━━━━━ INFORMATION PROVIDED ━━━━━

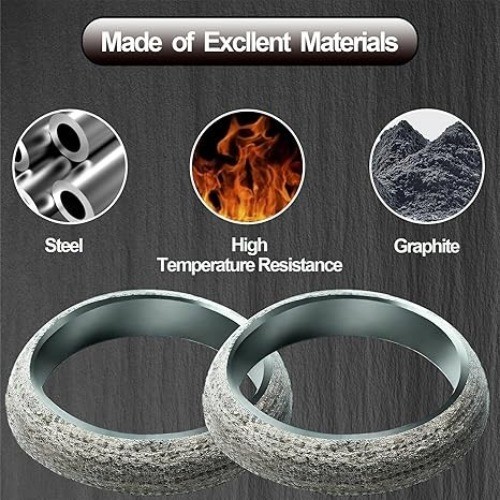 1.9in/48mm Car Exhaust Manifold Gasket, 2Pcs Exhaust Muf Size: ID 1.9inch/48mm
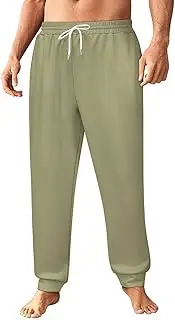 [Generic] Men's Sweatpants, Deep Muted Khaki-158, Polyester Joggers, Sweatpants Jogging Pants for Workout Running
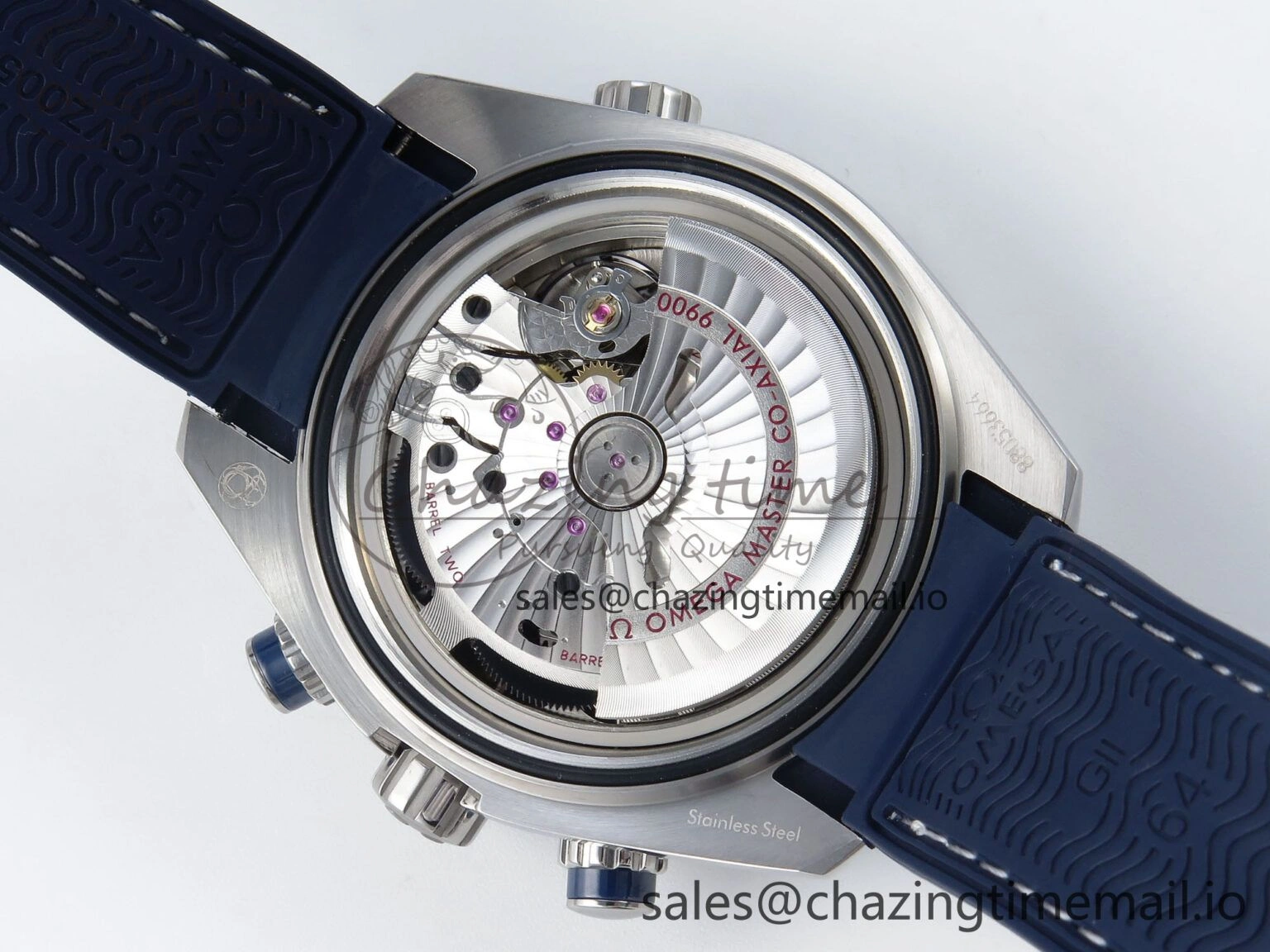 Planet Ocean Master Chronometer 600M 45.5mm SS SCF 1:1 Best Edition Blue Bezel Blue Dial on Blue Rubber Strap A9900 Super Clone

━━━━━

**WHAT YOU ARE ASKED TO DO:** Restate the listing word for word. Pictures do not belong in the copy.

**RESPONSE:**
 1.9in/48mm Car Exhaust Manifold Gasket, 2Pcs Exhaust Muf Size: ID 1.9inch/48mm
 [Generic] Men's Sweatpants, Deep Muted Khaki-158, Polyester Joggers, Sweatpants Jogging Pants for Workout Running
 Planet Ocean Master Chronometer 600M 45.5mm SS SCF 1:1 Best Edition Blue Bezel Blue Dial on Blue Rubber Strap A9900 Super Clone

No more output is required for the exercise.